Gli italiani lo consideravano belga, i belgi italiano. Così in corsa non aveva mai via libera: lo inseguivano tutti. Il 2022 è stato l’anno del centenario della nascita di Pino Cerami, il belga di Misterbianco, l’italiano di Charleroi, inseguito da tutti, stavolta anche da Gaetano Dal Santo che gli ha dedicato il biografico “Il leone della Vallonia” (100 esemplari numerati, prezzo non indicato, per informazioni gaetano49@outlook.it).
Dalla piana catanese (Giovanni, il padre, lavorava il marmo, la famiglia di Grazia, la madre, aveva una bottega specializzata in arance, olio d’oliva e saponette), destino da lavoratori emigranti (prima a Homécourt, in Francia, poi a Charleroi, in Belgio), il minimo indispensabile a scuola, il massimo immaginabile sulla bici, dalla prima corsa paesana (terzo) alla prima vittoria (a 16 anni: un premio pari al suo salario di un’intera giornata da apprendista in una vetreria), la prima cotta (in fuga, da solo, poi il buio improvviso e un inconsolabile quindicesimo posto finale) e la guerra, la Seconda guerra mondiale, il posto di lavoro in un’industria mettallurgica e addio bicicletta.
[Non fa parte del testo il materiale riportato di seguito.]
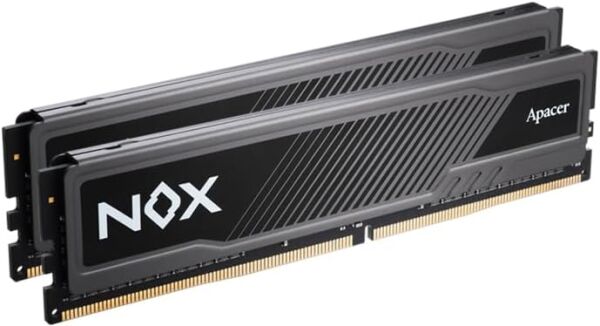 Apacer Nox 16GB (2X8GB) Ddr4 3600MHZ CL18 Gaming Ram (AH4U16G36C25YMBAA-2)
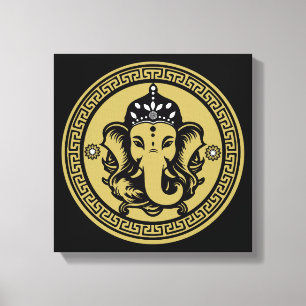 Ganesha-thema Hindu kunstprint Canvas Afdruk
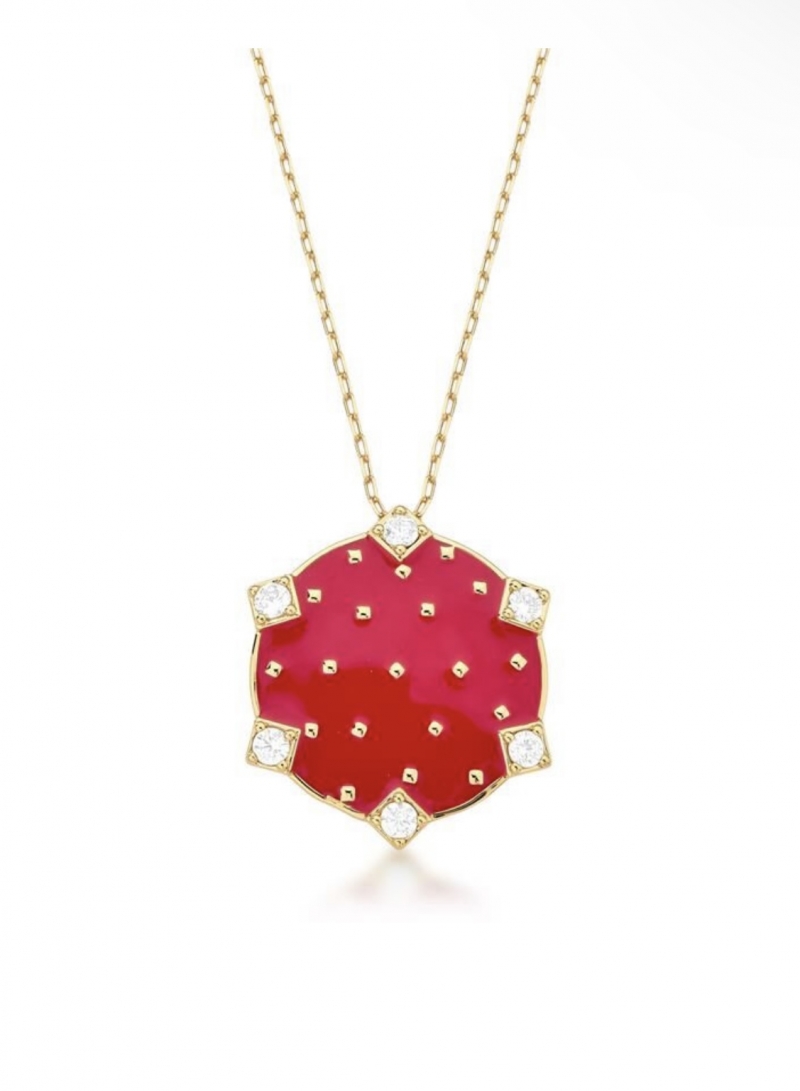 Mikabe - Orion Red Enamel Necklace - MK1783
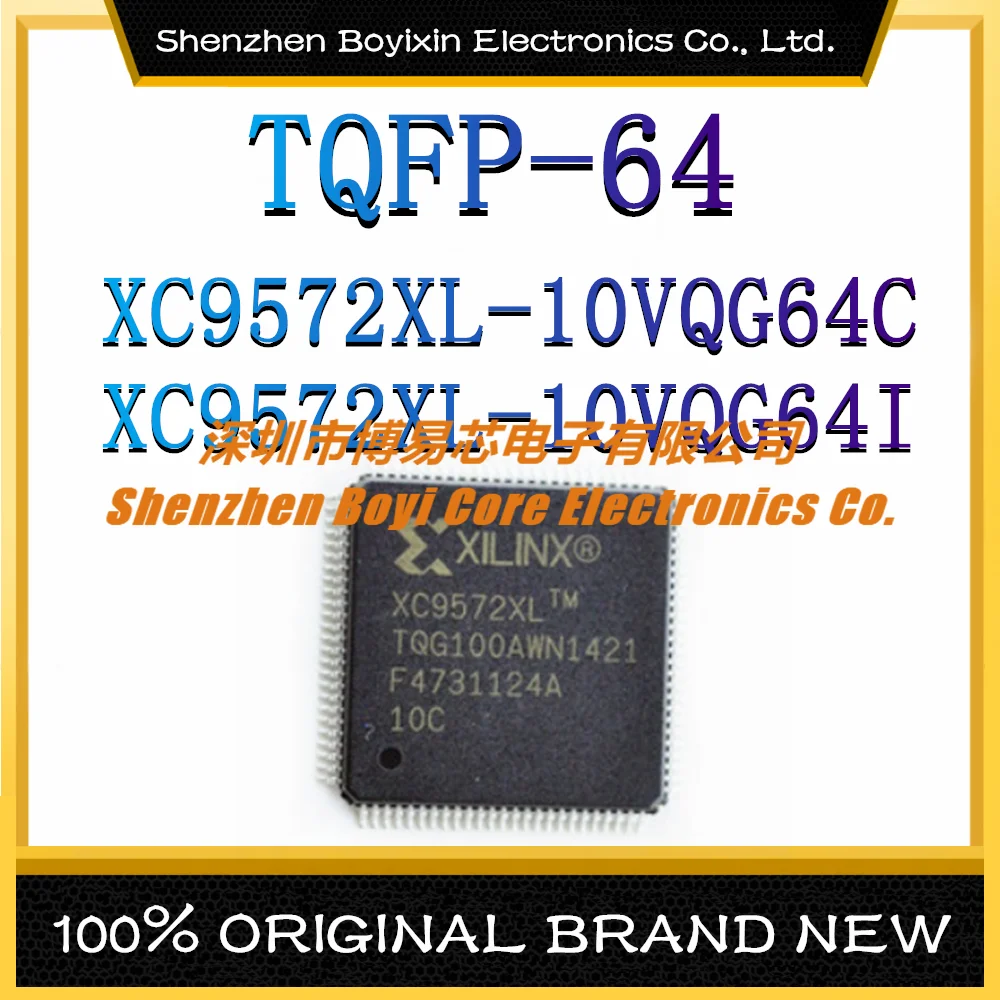 Фонарик XC9572XL-10VQG6 4I, фонарь: Оригинальное программируемое логическое устройство (CPLD/FPGA), микросхема IC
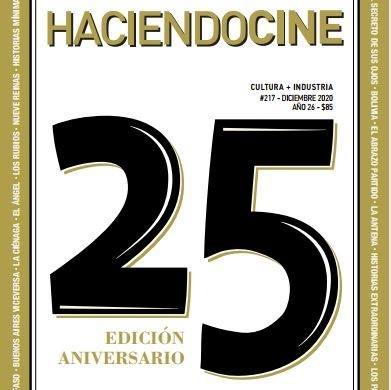 HACIENDO CINE magazine side cover Issue 217  December 2020
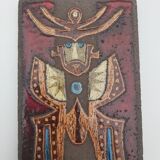 Jean Jaffeux enamelled lava plate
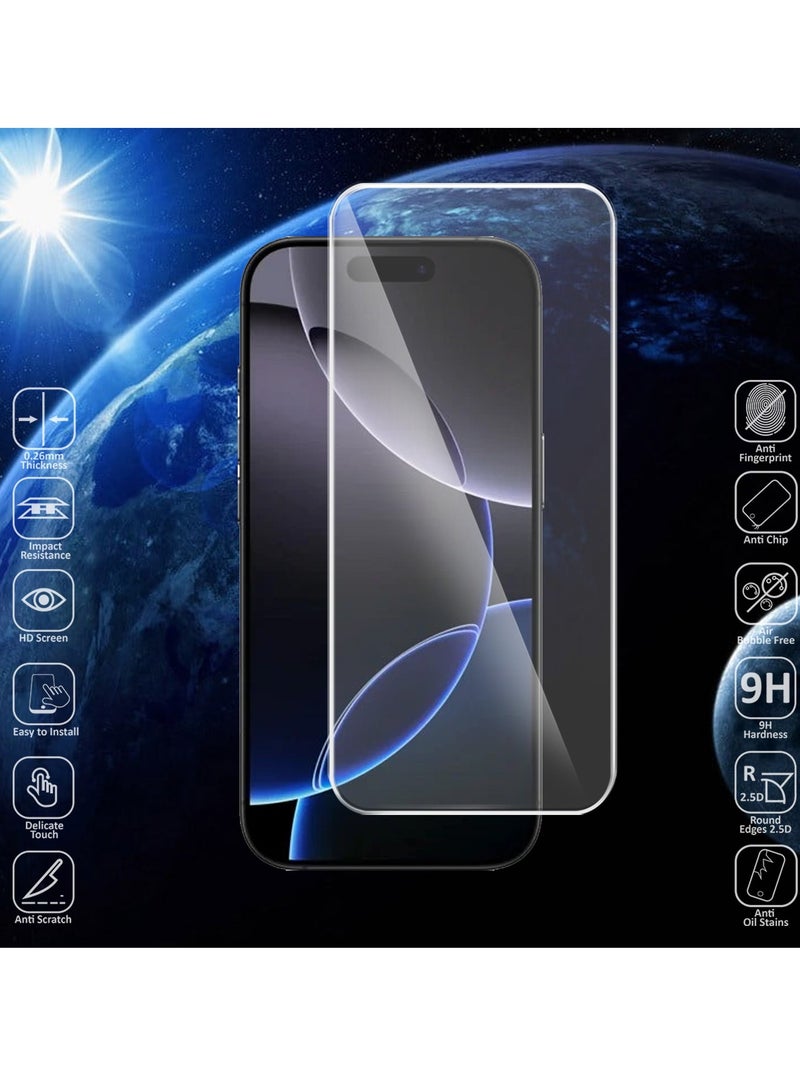 Techie حماية شاشة زجاجية مقسّاة HD بحجم 2 - مضادة للانعكاس ومضادة للفقاعات بصلابة 9H وسمك 0.33 مم وحواف مدورة وسهلة التركيب - Image 2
E la rinascita, all’inizio da lavoratore-corridore, partendo dal basso (senza licenza, indipendente, finalmente professionista), una carriera infinita, da Bartali e Coppi ad Anquetil e Poulidor. E il bello era che, invecchiando, Pino Cerami migliorava: a 38 anni conquistò la Parigi-Roubaix e la Freccia Vallone, a 39 la Freccia del Brabante e la Parigi-Bruxelles, a 41 anni, 2 mesi e 3 giorni una tappa del Tour de France. “La carriera dei ciclisti? E’ come una bottiglia di buon vino – amava spiegare -. Bisogna versarla lentamente per apprezzarne il gusto e farla durare. Se viene versata troppo rapidamente, il gusto svanisce in fretta e non dura”.
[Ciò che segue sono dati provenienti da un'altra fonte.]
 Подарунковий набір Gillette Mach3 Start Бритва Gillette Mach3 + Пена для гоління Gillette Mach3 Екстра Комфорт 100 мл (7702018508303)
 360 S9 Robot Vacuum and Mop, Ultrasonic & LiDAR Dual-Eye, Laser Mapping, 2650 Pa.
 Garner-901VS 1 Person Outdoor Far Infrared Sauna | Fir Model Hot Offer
Pino, gregario di Van Steenbergen e Ockers, Koblet e Kubler, Stablinski e Daems, Wolfshohl e Simpson. Pino, che si specializzò nelle kermesse, circuiti urbani, obiettivo portare soldi a casa. Pino, che alla fine di una tappa flagellata dalla pioggia cercò di far asciugare le scarpe fradicie, ma la mattina dopo erano secche come pezzi di legno e corse senza poter tirare le cinghiette dei pedali. Pino, che al Giro di Lombardia del 1952 si iscrisse da individuale, divise la trasferta con due amici tifosi (da Charleroi a Milano, su un Maggiolino, più di 900 km su statali e provinciali, benzina divisa per tre), grazie anche a un errore di percorso giunse secondo e guadagnò il premio come “migliore italiano venuto dall’estero” (e poi altri 900 km per tornare a casa). Pino, che si ritirò ma sopravvisse alla tormenta di gelo della tappa sul Bondone al Giro d’Italia del 1956. Pino, che la sera prima della vittoriosa Freccia Vallone, si mise a letto presto bevendo latte caldo con un cucchiaio di miele e due pasticche di Aspro. Pino, che partecipò 10 volte alla Sei Giorni di Bruxelles, la prima volta nel 1948, ingaggio modestissimo per coprire le sole spese vive, però premi equivalenti – a quel tempo si ragionava così – a due mesi di salario in fabbrica.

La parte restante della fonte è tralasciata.